The play is rightfully hailed as masterful. The movie seemed to understand why (I'll be damned/overwhelmed to try and break that down) and in turn the result is incredibly empowering.

Sunday, January 27, 2013

The Hobbit: An Unexpected Journey

When the worst comment I can find myself making about a movie, especially a sequel, is that it's just "more of the same" in comparison to its predecessors and the director's previous work- I feel like I'm digging for the negative instead of focusing on the positive. An Unexpected Journey, the first installment in Peter Jackson's prequel trilogy to his own three-part adaptation of J.R.R. Tolkien's The Lord of the Rings, is a welcome return to Middle Earth. In fact, the instant Bilbo Baggins (Martin Freeman) meets Gandalf the Grey (Ian McKellen), I fondly remembered my experiences of watching The Fellowship of the Ring. It was a start to a grand story of adventure, friendship, and how good should and could triumph over evil.

The first scene of this film features an older Bilbo (Ian Holm reprising his role) getting ready for his birthday party that will set-up the events of The Lord of the Rings. Bilbo is writing down his adventures for his nephew and then the events flash-back to younger Bilbo. Freeman was a great choice for his part. He embodies the charm that Holm brought to the part as well as a hint of uneasiness and a sardonic nature that young Bilbo's elderly counterpart would inherit as he spent more time with the ring. Still, if The Lord of the Rings was the sometimes-dark epic, The Hobbit is the adventure-loving all-ages companion piece. The film is incredibly fun, suspenseful, and the charm that I feel is inherent in Bilbo is also found in Gandalf and the dwarves with the exception of the stoic leader Thorin (Richard Armitage in a performance that hopefully will further his already impressive career from British film and television).

Jackson did choose to use more CGI than practical effects in concerns to some of the sequences, especially when it came to depicting the orc characters. Then again, it adds to the more family-friendly feeling that surrounds the story of The Hobbit. This is about adventure and comradery and the advances in CGI certainly haven't harmed Andy Serkis' return performance of Gollum. The former hobbit almost seems more expressive as well as naturally youthful in comparison to the character we met in The Two Towers.

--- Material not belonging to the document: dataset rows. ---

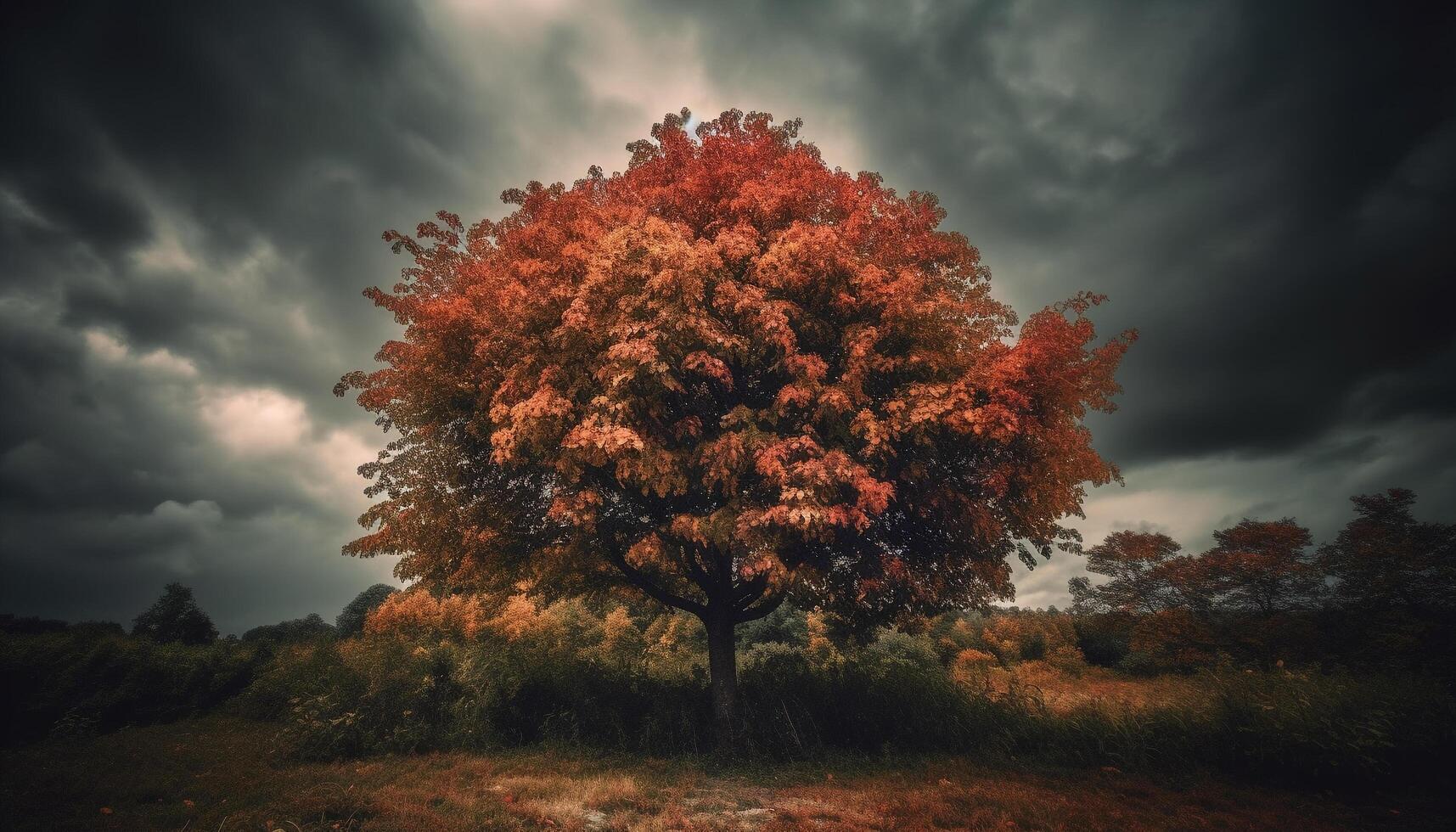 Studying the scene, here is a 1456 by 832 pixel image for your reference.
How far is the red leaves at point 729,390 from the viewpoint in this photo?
23.0ft

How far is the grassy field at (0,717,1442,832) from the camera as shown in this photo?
498 cm

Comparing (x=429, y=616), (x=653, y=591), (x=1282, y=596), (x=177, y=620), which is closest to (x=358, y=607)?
(x=177, y=620)

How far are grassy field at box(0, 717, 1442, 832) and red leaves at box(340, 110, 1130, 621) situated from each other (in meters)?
2.58

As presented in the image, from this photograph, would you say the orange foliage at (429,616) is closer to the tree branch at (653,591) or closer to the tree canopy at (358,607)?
the tree branch at (653,591)

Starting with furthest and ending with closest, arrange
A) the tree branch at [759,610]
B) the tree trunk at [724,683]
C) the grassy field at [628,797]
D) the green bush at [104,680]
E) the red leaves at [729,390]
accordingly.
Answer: the green bush at [104,680] < the tree branch at [759,610] < the tree trunk at [724,683] < the red leaves at [729,390] < the grassy field at [628,797]

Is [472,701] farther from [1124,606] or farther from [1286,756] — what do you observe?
[1124,606]

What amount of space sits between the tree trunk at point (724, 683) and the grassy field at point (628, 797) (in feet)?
2.16

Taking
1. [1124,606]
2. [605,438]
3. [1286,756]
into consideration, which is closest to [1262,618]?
[1124,606]

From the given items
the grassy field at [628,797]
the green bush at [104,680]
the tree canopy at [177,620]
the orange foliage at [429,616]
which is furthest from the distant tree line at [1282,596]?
the tree canopy at [177,620]

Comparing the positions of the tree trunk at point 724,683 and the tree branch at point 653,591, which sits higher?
the tree branch at point 653,591

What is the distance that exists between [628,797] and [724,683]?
3.50 meters

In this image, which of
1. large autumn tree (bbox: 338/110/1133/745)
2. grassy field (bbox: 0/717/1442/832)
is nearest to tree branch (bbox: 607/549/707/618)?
large autumn tree (bbox: 338/110/1133/745)

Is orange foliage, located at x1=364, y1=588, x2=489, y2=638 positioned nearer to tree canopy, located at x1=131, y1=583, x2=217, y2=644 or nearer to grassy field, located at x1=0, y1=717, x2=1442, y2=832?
grassy field, located at x1=0, y1=717, x2=1442, y2=832

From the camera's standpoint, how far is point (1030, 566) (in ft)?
28.4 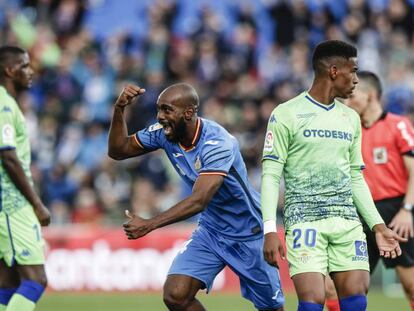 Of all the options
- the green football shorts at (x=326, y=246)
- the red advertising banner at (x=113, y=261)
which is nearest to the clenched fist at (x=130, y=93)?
the green football shorts at (x=326, y=246)

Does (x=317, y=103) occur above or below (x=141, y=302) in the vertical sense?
above

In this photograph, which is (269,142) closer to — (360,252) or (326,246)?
(326,246)

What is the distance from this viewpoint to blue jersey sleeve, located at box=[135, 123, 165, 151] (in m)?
8.35

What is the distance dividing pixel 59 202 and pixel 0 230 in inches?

As I start to finish writing about my thoughts on films from 2012, I'm really impressed with how many great big-budget blockbusters were full of such depth and enjoyment (albeit to varying degrees)- The Hunger Games, The Avengers, Men in Black III, Prometheus, Amazing Spider-Man, The Dark Knight Rises, Skyfall, and now The Hobbit. It's nice to see genre films continuing to be an important part of the public conscience.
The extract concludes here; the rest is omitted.